9 Mart 2010 Salı

ÖFKEYLE KORKU KOL KOLA GEZER


Birçok değerimizi temel olarak aileden, sonra toplumdan, ilişkilerden ödünç almıyor muyuz? Öğretilmiş kişilik... melisin... malısın... Ne oluyor sonra? Kendimizle çatışıyoruz öncelikle. Kendimizin, aslında tam anlamıyla kendimiz olmadığını fark ediverince isyan ediyoruz. Ama bu isyanın nereye, kime yönlendirilebileceğini bile tam olarak bilemiyoruz. Çoğu kez de tekrar bir bumerang gibi kendimize dönüyor öfkelerimiz.

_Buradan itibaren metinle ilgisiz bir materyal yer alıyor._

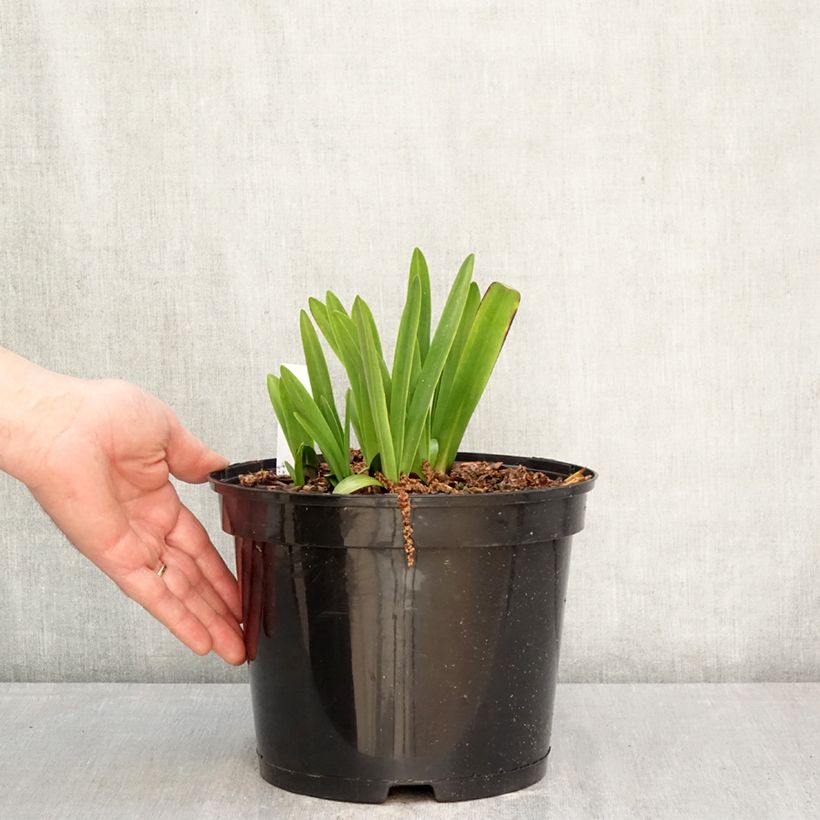 Exemplar von Agapanthus inapertus Intermedius - Schmucklilie Topf mit 4L/5L wie im Frühjahr geliefert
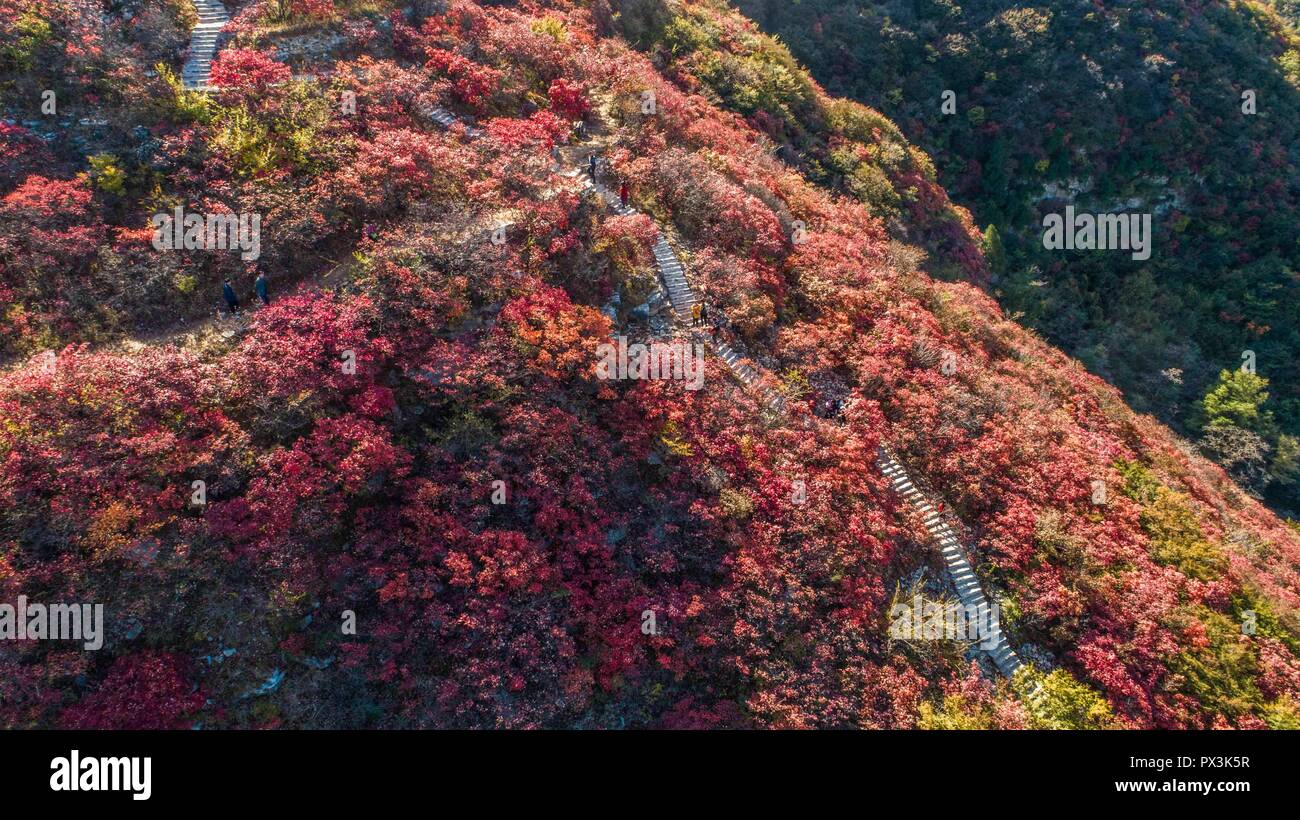 Weifang, Weifang, China. Okt, 2018 19. Weifang, CHINA - Blätter rot, und im Herbst in Weifang gelb, der ostchinesischen Provinz Shandong. Credit: SIPA Asien/ZUMA Draht/Alamy leben Nachrichten Stockfoto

Kaybetmekten korkar öfkeleniriz.Ön yargılarımızın değişebilme veya değiştirilme ihtimali bizi korkutur, öfkeleniriz yine. Her şey yolundadır, yine de bir şeyler yaratır, yeni kuşkuları kurgular, yine korkar, öfkeleniriz. Ruhumuzun derinliklerine inmeye başlar, bulabileceklerimize, görebileceklerimize hazır olmadığımızı anlar, yine öfkeleniriz. İçimizdeki öfkeden korkarız. Bizi boğmasından korkarız. O bizi boğmadan biz onu boğabiliriz. Bizi her yönden kuşatmasına izin mi vermeliyiz? Yoksa biz mi onu kuşatmalıyız? Kararlılığımızla, doğru bakışımızla, sevgimizle, inancımızla...

Sevginin gücüne inanmalıyız. Ki o güç,nefreti de, kuşkuyu da, öfkeyi de, yok edebilecek güçtedir. Bu bizim gerçeğimizdir.Sevgimizin gerçeğidir.Gerçeklerimize şaşırabilir, beklentilerimizle yanılabiliriz. Gücümüzü fark edelim ve doğru kullanalım.Ve geçmişi doğru okuyup geleceğimizi doğru yazalım. Uyutalım geçmişi sonsuza dek. En güzel, sevdalı ninnilerimizle...

Öfke, korku, kuşku üç kardeş gibidir.Aç kardeşler. Sevgidir en temel gıdaları. Onu tükettikçe büyürler.Kıskanç kardeştirler üstelik. Kendi bardaklarını doldurup taşıran aç ve kıskanç kardeşler. Kuşku öfke doğurur. Öfke sizi boğmaya çalışır. Geçmiş en güzel hayallerinizi çalıp kaçmış olsa da, bodrum katınızda veya içinizdeki labirentlerde, ya da tavan arasına atılmış hüzün ve acıların arasında güzel anılar da saklanmıştır. Tozlarını alın ara sıra. Umut varsa hala yüreğinizin bir köşesinde,nefret,kuşku, öfke ve korku yavaş yavaş yorulmaya başlayıp uzaklaşacaktır sizden.Arka sokaklarda, çamurlu yollarda arayışlarını sürdürmeye , açlıklarını bastırmaya çalışacaklardır.